First, the quest for absolute security inherent in proactive intelligence investigations did not and will not advance legitimate security interests. FBI agents neither anticipated Soviet espionage activities nor the September 11 terrorist attack--the latter despite having broad authority under"domestic security/terrorism" guidelines issued by Attorney General William French Smith in March 1983 to"anticipate or prevent" crimes of violence and to initiate investigations whenever individuals or organizations"advocate criminal activity or indicate an apparent intent to engage in crime, particularly crimes of violence." The July 2001 recommendation of the FBI's Phoenix office to monitor Middle Eastern men enrolled in flight schools might seem prescient in hindsight. Nonetheless, none of those who aroused Phoenix agent Williams's suspicions were involved in or had advance knowledge of the September 11 terrorist attack. Furthermore, while the number of terrorist cases which FBI officials referred to the Justice Department for prosecution in the first six months after the September 11 attack increased sixfold, from an average of 10 to 59 per month, Justice Department prosecutors declined to file charges in 60 of 98 terrorist referrals (citing a"lack of evidence of criminal intent" or no evidence a federal crime had been committed) and reached no decision (during this time period) on the remaining 256. Both the Cold War and recent failures document that simply monitoring advocacy does not lead to uncovering plans to commit either espionage or terrorist acts.
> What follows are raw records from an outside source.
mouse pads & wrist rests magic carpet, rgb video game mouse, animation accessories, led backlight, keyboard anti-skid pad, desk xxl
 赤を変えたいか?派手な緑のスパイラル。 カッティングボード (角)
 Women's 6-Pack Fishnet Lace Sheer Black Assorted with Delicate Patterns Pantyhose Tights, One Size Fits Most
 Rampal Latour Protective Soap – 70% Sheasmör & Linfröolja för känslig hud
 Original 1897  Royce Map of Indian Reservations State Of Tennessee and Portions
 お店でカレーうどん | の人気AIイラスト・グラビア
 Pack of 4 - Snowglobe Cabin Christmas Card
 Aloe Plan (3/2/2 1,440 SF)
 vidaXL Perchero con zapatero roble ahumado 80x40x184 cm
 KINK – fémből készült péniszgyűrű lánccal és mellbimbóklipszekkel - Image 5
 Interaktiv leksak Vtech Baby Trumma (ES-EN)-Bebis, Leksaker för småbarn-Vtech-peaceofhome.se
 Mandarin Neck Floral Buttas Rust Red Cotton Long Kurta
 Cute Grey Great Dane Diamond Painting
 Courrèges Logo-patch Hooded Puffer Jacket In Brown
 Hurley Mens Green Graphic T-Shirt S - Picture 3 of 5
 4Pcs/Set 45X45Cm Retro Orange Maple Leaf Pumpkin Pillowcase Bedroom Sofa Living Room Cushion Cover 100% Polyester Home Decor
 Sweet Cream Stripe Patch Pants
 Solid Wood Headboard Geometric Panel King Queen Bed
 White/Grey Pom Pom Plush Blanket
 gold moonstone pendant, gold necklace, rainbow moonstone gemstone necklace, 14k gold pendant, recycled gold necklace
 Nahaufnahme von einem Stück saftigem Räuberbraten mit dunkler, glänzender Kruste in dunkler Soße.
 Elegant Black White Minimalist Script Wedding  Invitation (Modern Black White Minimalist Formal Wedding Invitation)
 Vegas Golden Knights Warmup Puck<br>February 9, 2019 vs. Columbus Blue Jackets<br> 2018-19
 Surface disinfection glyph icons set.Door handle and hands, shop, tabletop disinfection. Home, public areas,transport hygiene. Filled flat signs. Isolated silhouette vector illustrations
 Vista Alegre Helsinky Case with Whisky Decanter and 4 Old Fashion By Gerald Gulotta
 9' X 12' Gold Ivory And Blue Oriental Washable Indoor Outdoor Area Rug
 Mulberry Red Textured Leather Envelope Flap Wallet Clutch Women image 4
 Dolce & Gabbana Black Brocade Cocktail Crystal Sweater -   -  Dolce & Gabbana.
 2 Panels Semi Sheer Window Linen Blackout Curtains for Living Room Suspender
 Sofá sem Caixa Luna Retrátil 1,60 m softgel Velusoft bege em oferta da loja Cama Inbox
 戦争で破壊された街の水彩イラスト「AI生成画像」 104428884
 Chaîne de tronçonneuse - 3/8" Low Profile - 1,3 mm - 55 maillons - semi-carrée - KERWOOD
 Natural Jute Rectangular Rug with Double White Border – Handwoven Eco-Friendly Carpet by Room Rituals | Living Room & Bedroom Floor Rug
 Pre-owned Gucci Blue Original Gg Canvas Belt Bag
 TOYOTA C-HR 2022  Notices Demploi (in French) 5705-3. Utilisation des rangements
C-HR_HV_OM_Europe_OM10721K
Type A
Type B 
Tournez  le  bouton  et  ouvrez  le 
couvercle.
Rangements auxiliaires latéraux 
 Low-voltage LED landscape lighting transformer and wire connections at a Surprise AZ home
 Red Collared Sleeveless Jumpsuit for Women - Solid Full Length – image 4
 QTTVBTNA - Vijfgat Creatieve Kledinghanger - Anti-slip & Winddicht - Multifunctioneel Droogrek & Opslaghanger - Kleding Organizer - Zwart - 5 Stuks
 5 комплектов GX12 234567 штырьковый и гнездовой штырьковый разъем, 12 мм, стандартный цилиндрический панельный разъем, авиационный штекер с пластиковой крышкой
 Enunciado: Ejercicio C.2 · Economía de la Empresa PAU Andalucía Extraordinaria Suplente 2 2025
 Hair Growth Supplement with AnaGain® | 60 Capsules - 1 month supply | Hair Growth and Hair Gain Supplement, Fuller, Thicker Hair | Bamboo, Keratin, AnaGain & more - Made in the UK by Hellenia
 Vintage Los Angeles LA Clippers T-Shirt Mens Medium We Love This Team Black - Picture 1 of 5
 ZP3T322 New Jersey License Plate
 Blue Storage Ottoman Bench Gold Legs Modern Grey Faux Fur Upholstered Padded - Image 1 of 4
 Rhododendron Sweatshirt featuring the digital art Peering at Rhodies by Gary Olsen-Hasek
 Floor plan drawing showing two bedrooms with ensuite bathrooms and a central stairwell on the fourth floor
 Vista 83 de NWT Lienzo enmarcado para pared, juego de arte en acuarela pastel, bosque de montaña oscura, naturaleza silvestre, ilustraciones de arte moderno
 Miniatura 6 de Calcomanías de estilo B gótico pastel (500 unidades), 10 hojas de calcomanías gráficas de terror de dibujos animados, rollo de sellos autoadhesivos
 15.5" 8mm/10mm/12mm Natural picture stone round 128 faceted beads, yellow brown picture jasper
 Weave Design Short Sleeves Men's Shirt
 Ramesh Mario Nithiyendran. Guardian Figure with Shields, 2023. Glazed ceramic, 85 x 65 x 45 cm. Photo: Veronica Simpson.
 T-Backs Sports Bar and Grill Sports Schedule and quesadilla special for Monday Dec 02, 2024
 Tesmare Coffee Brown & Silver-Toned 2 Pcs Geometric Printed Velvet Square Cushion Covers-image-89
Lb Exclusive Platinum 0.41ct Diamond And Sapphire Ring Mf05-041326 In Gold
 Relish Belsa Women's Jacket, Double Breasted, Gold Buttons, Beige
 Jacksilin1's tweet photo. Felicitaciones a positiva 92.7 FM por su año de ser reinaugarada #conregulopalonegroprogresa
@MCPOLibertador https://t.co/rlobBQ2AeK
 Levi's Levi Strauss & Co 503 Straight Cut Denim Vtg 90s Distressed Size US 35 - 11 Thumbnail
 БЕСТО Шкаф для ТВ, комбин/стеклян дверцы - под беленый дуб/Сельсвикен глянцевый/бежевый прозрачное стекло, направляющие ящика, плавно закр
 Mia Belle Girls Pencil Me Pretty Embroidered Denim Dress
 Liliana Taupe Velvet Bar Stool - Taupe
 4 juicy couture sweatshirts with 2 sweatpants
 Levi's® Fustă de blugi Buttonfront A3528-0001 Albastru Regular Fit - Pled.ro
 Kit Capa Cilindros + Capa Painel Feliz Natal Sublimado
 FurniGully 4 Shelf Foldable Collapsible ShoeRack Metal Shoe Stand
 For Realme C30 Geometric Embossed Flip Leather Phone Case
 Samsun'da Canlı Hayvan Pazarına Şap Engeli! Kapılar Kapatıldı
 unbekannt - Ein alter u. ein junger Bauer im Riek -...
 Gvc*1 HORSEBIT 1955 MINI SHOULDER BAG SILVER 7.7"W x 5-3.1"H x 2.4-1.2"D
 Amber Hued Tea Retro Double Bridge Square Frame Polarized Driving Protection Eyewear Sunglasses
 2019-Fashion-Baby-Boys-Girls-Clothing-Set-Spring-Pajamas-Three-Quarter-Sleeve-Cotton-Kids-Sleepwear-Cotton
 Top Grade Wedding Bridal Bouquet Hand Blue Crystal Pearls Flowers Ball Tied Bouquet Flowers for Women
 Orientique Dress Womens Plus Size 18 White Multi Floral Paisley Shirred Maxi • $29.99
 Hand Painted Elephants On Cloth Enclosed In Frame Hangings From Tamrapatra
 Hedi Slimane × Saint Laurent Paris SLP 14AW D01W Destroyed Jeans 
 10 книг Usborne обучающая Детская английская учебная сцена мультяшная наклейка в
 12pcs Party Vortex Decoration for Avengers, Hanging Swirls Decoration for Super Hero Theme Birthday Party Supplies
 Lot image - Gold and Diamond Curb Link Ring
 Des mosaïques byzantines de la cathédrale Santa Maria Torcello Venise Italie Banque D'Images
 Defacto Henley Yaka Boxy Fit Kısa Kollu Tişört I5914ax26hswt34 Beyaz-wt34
Second, while broadbased and intrusive intelligence investigations did not uncover Soviet espionage activities, they did lead to the uncovering of massive amounts of derogatory political (Communist affiliations or"sympathy") and personal (illicit sexual activities) information. This information did not simply repose in FBI files. Increasingly after February 1946 (when FBI officials launched an"educational" campaign to"influence public opinion"), this information was purposefully leaked whether to members of Congress (Congressman Richard Nixon, Senator Joseph McCarthy, the House Committee on Un-American Activities, the Senate Internal Security Subcommittee), prominent Americans (governors under a special code-named Responsibilities Program, former Republican President Herbert Hoover), and reporters (Chicago Tribune Washington bureau chief Walter Trohan, New York Herald Tribune Washington bureau chief Don Whitehead)--but on the strict condition that the recipient not disclose the FBI's covert assistance. Commentators have recently focused exclusively on the FBI's notorious COINTELPROs of 1956-1971 to the neglect of these earlier absive practices.

Third, this past history poses the perils of secrecy--both in precluding an informed understanding of the failures (or limited capabilities) of the nation's intelligence agencies and at the same time of efforts to shape public opinion and create a"politics of McCarthyism."